Photo: “RyanAirMustChange” Facebook page

Six Ryanair cabin crew were dismissed by the airline this week for “breach of trust” after a photograph was circulated on social media showing the employees apparently asleep on the floor at an airport crew room.

The crew had been grounded in Malaga on 13 October by storms that prevented their flight’s departure to Porto. The airline claimed no hotels were available for them because of the Hispanic Day national holiday.

Ryanair claimed that its workers were in the crew room for “a short period of time” before being moved to a VIP lounge. The six employees returned to Porto the next day, and did not work on the flight back.

On 17 October the airline released a video on Twitter that it said demonstrated that the photo (above) of the crew asleep was fake.

Rest periods for aircrew are governed by international Flight Time Regulations. However, it is common for airlines and crew to enter a dispute over the rest required and facilities for employees.

Portuguese airline union SNPVAC challenged Ryanair’s summary of events, claiming that 24 crew members were placed in a room between 01.30 and 06.00 “without minimum rest facilities”.

The union said that crew members were left “without access to food, drinks and even a place to sit down, as there were only eight seats available for the crew”.

Luciano Passo, head of the SNPVAC described Ryanair’s decision as “awful”. He said: “Ryanair thinks it was harmed by the publication of that photograph when it was no more than a show of the crew members’ justified feeling of indignation.”

A Ryanair spokesperson said: “All six cabin crew members in Porto were dismissed on Monday 5 November for breach of contract on grounds of gross misconduct, after staging a fake photograph to support a false claim that they were ‘forced to sleep on the floor’ of the Malaga crew room.”

This was “behaviour which damaged their employer’s reputation and caused an irreparable breach of trust with these six persons”.

The use of social media to pursue a grievance against a company is an increasing trend.
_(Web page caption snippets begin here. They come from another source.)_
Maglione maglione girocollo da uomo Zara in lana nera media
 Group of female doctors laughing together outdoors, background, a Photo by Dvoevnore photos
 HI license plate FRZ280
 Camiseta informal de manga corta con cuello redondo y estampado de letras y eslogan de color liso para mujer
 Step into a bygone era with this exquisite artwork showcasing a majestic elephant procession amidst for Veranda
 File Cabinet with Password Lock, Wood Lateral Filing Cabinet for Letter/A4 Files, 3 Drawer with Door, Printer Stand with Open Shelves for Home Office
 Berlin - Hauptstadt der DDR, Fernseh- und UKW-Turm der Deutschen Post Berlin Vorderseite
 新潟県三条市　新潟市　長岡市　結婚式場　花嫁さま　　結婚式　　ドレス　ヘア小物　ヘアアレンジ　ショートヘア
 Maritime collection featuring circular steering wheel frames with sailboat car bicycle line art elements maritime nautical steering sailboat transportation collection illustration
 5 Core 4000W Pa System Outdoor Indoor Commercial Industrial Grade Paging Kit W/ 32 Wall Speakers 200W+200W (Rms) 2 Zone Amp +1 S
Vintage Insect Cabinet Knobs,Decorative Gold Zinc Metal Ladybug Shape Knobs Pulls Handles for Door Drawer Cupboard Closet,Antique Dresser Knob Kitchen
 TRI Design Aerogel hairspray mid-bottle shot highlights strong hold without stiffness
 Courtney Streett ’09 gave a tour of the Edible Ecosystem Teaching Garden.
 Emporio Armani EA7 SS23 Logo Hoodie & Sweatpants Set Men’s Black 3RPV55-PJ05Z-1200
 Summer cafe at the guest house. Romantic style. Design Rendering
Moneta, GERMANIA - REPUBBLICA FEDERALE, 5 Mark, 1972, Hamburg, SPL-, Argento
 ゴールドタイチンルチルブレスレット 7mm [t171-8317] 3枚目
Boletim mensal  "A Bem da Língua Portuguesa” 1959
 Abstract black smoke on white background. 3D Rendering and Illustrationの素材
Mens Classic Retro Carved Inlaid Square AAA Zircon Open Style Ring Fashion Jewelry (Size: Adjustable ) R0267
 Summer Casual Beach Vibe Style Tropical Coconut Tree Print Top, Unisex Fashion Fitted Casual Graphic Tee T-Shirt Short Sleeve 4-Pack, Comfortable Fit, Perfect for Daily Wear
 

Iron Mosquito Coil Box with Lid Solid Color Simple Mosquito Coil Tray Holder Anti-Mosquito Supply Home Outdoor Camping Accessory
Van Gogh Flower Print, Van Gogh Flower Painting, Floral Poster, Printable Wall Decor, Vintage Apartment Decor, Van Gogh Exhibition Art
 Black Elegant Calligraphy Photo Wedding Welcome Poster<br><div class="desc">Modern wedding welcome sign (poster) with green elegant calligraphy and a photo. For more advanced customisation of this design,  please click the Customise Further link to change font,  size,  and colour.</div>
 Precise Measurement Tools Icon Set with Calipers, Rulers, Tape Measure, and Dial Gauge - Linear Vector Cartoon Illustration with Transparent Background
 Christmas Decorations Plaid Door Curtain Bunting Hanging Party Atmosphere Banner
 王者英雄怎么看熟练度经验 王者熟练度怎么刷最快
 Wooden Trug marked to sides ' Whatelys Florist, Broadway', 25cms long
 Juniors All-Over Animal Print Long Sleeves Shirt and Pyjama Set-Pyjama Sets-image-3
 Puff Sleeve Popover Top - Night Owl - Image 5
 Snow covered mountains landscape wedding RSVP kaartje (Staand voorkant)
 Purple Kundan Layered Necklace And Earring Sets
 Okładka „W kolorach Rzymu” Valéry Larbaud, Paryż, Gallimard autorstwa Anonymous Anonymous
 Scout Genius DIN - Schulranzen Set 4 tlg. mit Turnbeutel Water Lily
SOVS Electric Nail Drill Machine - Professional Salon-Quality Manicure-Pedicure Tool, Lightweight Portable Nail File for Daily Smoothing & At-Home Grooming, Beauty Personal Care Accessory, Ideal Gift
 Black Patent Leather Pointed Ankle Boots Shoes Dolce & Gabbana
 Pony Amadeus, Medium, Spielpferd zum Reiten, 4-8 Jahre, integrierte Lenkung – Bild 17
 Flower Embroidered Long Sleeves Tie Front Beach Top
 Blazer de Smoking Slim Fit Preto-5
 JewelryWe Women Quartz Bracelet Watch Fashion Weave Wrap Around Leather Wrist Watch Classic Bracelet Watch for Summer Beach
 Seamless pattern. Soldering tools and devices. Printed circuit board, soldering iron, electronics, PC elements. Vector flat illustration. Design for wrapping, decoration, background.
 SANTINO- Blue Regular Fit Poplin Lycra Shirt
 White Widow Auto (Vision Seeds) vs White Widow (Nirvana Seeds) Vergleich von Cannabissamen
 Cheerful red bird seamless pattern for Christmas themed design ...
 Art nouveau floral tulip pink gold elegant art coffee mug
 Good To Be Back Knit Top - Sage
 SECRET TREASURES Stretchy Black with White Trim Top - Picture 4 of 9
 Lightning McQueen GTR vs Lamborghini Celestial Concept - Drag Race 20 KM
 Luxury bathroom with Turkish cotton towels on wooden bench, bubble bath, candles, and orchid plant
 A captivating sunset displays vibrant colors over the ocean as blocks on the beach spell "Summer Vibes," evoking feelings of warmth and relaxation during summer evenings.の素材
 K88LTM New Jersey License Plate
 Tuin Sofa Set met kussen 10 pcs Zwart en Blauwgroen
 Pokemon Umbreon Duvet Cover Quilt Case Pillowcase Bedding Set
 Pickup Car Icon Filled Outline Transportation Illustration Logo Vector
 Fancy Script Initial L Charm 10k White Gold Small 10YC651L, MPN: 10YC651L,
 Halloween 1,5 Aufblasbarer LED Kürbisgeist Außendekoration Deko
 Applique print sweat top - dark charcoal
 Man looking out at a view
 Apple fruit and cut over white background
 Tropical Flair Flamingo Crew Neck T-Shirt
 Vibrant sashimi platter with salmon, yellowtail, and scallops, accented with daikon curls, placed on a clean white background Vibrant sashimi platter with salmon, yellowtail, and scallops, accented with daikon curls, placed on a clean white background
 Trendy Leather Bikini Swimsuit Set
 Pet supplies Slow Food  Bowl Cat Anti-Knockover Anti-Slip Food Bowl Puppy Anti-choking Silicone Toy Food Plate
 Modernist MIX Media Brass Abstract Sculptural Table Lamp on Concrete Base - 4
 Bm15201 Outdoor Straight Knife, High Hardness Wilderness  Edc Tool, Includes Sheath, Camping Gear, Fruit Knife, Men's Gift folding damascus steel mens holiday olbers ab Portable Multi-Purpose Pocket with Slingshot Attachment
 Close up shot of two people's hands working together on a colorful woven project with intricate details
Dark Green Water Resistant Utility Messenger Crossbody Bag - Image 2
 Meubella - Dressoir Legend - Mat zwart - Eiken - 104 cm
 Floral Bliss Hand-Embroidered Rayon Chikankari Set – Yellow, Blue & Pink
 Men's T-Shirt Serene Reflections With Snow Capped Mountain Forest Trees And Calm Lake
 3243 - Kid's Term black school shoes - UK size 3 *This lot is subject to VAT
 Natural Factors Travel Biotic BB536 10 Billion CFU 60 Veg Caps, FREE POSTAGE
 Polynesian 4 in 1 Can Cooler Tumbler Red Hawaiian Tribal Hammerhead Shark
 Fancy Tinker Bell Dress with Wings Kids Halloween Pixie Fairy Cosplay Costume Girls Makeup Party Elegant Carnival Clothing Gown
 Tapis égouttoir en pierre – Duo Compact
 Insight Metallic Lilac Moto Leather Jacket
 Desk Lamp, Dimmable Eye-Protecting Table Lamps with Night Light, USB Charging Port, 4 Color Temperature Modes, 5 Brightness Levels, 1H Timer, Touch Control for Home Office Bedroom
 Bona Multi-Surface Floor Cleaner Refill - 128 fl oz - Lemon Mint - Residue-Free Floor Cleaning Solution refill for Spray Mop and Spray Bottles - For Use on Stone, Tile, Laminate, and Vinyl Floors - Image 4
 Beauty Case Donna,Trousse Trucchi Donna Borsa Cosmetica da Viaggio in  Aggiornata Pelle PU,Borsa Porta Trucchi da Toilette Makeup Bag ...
Sue Andrews, a fellow of the Chartered Institute of Personnel and Development and an HR director, said that it was important that employers were clear about how they could protect themselves from reputational damage.

She recognised that Ryanair’s recent problems with staff over pay and conditions had damaged the airline’s reputation but added: “Staff taking to social media to publicise a grievance is an increasing problem for employers. Stories become sensationalised and the genuine facts of a situation are often lost, while company reputations can be irrevocably damaged.

“Making sure you have a clear policy on social media usage is therefore essential to ensure that staff understand that deliberate acts to undermine the company’s reputation could result in their dismissal.”